Babel

2006, United StatesBabel
Director: Alejandro González Iñárritu
Screenplay: Guillermo Arriaga
Story: Arriaga and Iñárritu

With this review, I return to my alphabetical journey through Roger Ebert’s Great Movies list. Bring on the B’s!!

Babel is in the same spirit as Paul Haggis’ Crash. Both films deal with disparate cultures and interweaving story lines, and both seek to emphasize basic human similarities rather than differences. Crash may be cheesier than Babel, but I also felt it was a more complete film with a fuller message. That isn’t to say Babel is bad, or even that the difference between the two is significant, but it betrays that Babel’s payoff isn’t quite what I had hoped for.

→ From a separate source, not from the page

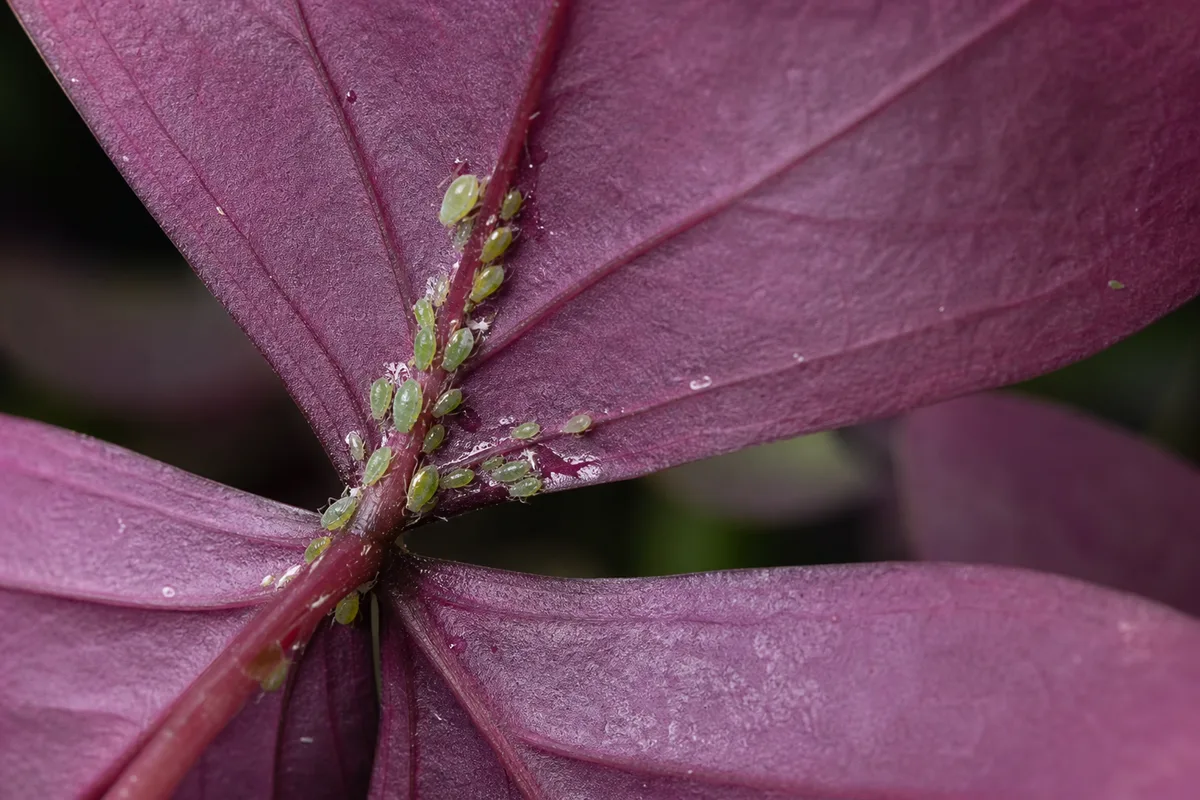 Close-up of Aphids on Oxalis Triangularis - diagnostic detail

Drama-wise, there are a number of good elements in this movie. It opens with two boys playing with a high-powered rifle, an interesting dynamic that predictably leads to mischief. Another, particularly strong plot thread takes place in Mexico and builds fluidly from innocent intentions to catastrophic consequences. A desert sequence somewhere near the U.S.-Mexican border is the film’s emotional apex, conveying a true sense of desperation in a situation gone horribly awry. Oddly, I didn’t find the movie’s main plot thread, starring Brad Pitt, to be especially compelling. It moves along well enough but feels a little diluted; at the end of the movie I found I knew surprisingly little about Richard Jones or his wife Susan (Kate Blanchett).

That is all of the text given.